Third, legacy hiring decisions: TalentFilter had been used to screen approximately 2,400 job applications over eighteen months. If the model was later found to be non-compliant — or worse, if it was found to have produced discriminatory shortlisting outcomes — what were Cornerstone's legal and reputational exposures to applicants who had been screened out?

The compliance program's immediate recommendation was to suspend use of TalentFilter pending a full review. The HR Director objected: three active recruitment cycles were mid-process. Suspending the tool meant reverting to manual CV screening with no capacity to do so in the current hiring timeline.

The working group had to make a recommendation under time pressure, incomplete information, and competing institutional interests. There was no clean answer.


Discussion Questions

1. Definitional boundaries and inventory completeness

The Cornerstone inventory expanded from 47 to 63 systems once teams began examining tools that "weren't AI." What practical strategies should a financial institution use to achieve inventory completeness? How should firms approach the classification of regression models, rule engines with ML-derived rules, and scoring tools built in general-purpose software like Excel or R? What governance structures — model inventory registers, procurement gatekeeping, mandatory model declarations — would prevent unregistered AI systems from being deployed in the first place?

2. Vendor accountability and the provider/deployer distinction

When a vendor asserts that its product is not an AI system under the Act's definition, what options does the deploying financial institution have? Consider: (a) the legal exposure facing the deployer if the vendor's classification is wrong; (b) the leverage available to the deployer in contract negotiations and vendor management; (c) the role of procurement processes in creating AI Act obligations — specifically, whether contract clauses requiring vendor EU AI Act compliance documentation should be standard in financial services AI procurement. Who ultimately bears the compliance burden when a vendor refuses to produce Annex IV documentation?

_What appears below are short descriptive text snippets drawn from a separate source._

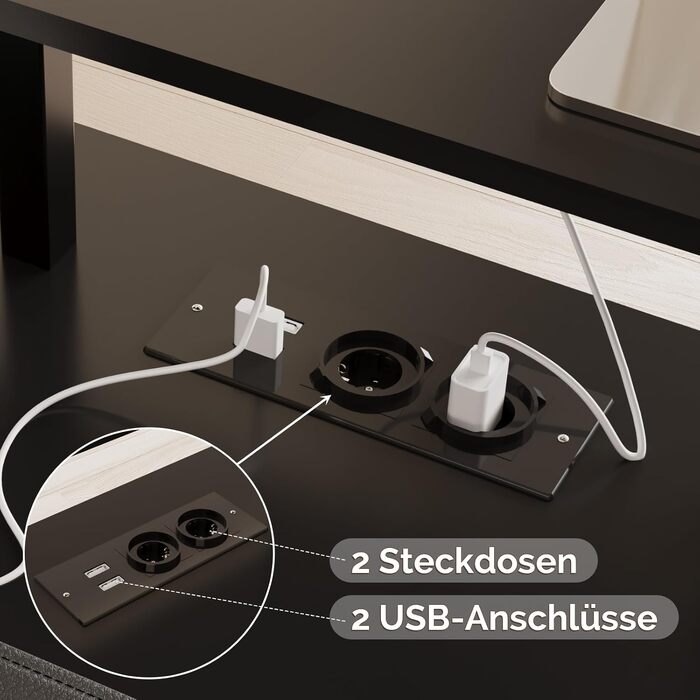Кутовий стіл Devoko 168x120 см з шухлядою, розеткою, USB-портом, підставкою для монітора та полицями, чорний
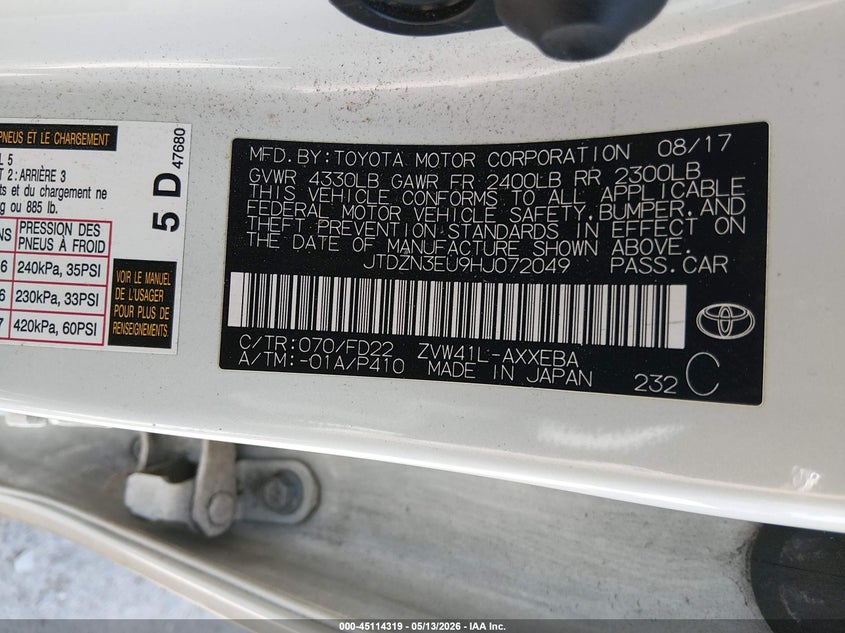 2017 Toyota VIN JTDZN3EU9HJ072049 IAAI salvage auction — SIDE, Wait Title, sold $2,600 on 2026-08-02 (photo 9)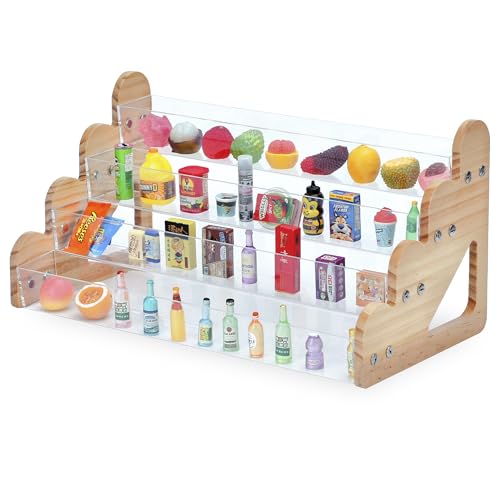 JOYMOMO 4 Tier Mini Brand Organizer Plastic Wood Display Shelf Rack Step for Mini Brand Storage Case (Case Only)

3. The legacy deployment problem

TalentFilter had been operating for eighteen months before the AI Act inventory exercise uncovered it. The Act applies to systems placed on the market or put into service, and contains transition provisions for pre-existing systems — but those provisions do not eliminate obligations, they only delay them until the transition deadline. What should Cornerstone do about the 2,400 applications screened by a system that may have lacked adequate bias testing or representativeness validation? Does the firm have any obligation to those applicants? How should this situation inform future AI procurement governance?

4. The tension between compliance timelines and operational continuity

The recommendation to suspend TalentFilter during active recruitment cycles illustrates a common tension in compliance programs: the right answer from a legal risk perspective (suspend the non-compliant tool) conflicts with the right answer from an operational continuity perspective (complete the hiring process). How should compliance programs structure decision frameworks for this type of conflict? What criteria should govern the decision to continue operating a potentially non-compliant AI system during a transition period?

5. The role of proportionality

The EU AI Act's high-risk framework applies uniformly to a small firm's single credit scoring model and a large bank's portfolio of forty-seven AI systems. Is this appropriate? How should a proportionality principle — if one were to be applied — affect the compliance obligations of smaller financial institutions? And does the Act's current structure (which permits self-assessment for most Annex III systems) already incorporate proportionality implicitly?